About the Community Health Action Pack

 

Pictogram family representing the relationship between an individual’s health status (represented by the hearts inside the people) within a family and community and on country.“Aboriginal peoples and Torres Strait Islanders at the national, regional and local levels have the right to full participation in health service design, delivery, monitoring and evaluation. This is integral to closing the gap in life expectancy within a generation”. 1

 

In Aboriginal and Torres Strait Islander communities across Australia, some lifestyle behaviours — such as smoking, poor nutrition/diet, physical inactivity and excessive use of alcohol — have had a terrible impact on the health status of individuals and communities.

Aboriginal and Torres Strait Islander people are two and a half times more likely to have poor health than non-Indigenous Australians 2  and more likely to die from many conditions.

Chronic diseases are the main reason for the large gap in life expectancy between Aboriginal and Torres Strait Islander people and non-Indigenous Australians.

Chronic diseases are the result of the poor lifestyle behaviours that have been introduced over a long period of time. However, they can often be prevented if people know what causes them and make healthy lifestyle choices to help reduce their risk of developing these conditions.

Preventive health promotion activities have led to major improvements in the areas of tobacco use, drink driving and HIV/AIDS control.

Although health promotion and prevention for Aboriginal and Torres Strait Islander people is still developing, there is opportunity and hope for it to achieve similar results in the area of preventive chronic disease.
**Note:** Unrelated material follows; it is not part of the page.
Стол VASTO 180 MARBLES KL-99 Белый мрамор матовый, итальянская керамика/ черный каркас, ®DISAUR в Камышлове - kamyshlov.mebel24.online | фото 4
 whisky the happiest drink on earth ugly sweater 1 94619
The long term goal of health promotion is to make a positive impact on the healthy behaviours of individuals, their families and the wider community.

Mandala for health image

The diagram above, the ‘Mandala for health’ 3, shows the links between human health, community, culture and the natural environment. To deliver effective health promotion in Aboriginal and Torres Strait Islander communities, you need to first understand what these influences are. There are four key elements which influence people’s health:

  • Work environment
  • Built environments
  • Lifestyle
  • Health care systems

Each of these elements is strongly shaped by our cultural values, attitudes and beliefs, and affects the choices and the decisions people make about their health. This is why it is important that the people who share these cultural values are involved in the development of health promotion activities.

This Community Health Action Pack is about health promotion and can be used by anyone who wants to run a project to improve Aboriginal and Torres Strait Islander peoples’ health and wellbeing.

This may include:

  • Aboriginal and Torres Strait Islander health and community workers
  • Health professionals
  • Elders, community leaders and community organisations

The pack is designed to be flexible so that communities and organisations can use it to suit their own needs. It includes templates, examples, checklists and tips to help with planning a health promotion project.

 

Continue to Part 1: Ten steps to planning a health promotion project


1 United Nations Declaration on the Rights of Indigenous Peoples, Amnesty International Article 24: Health

2 Vos et al 2007. Burden of disease and injury in Aboriginal and Torres Strait Islander people 2003, Queensland University

3 Adapted from Hancock, T & Perkins, F 1985, ‘The Mandala of Health: A conceptual model and teaching tool’, Health Education, 24, 8-10.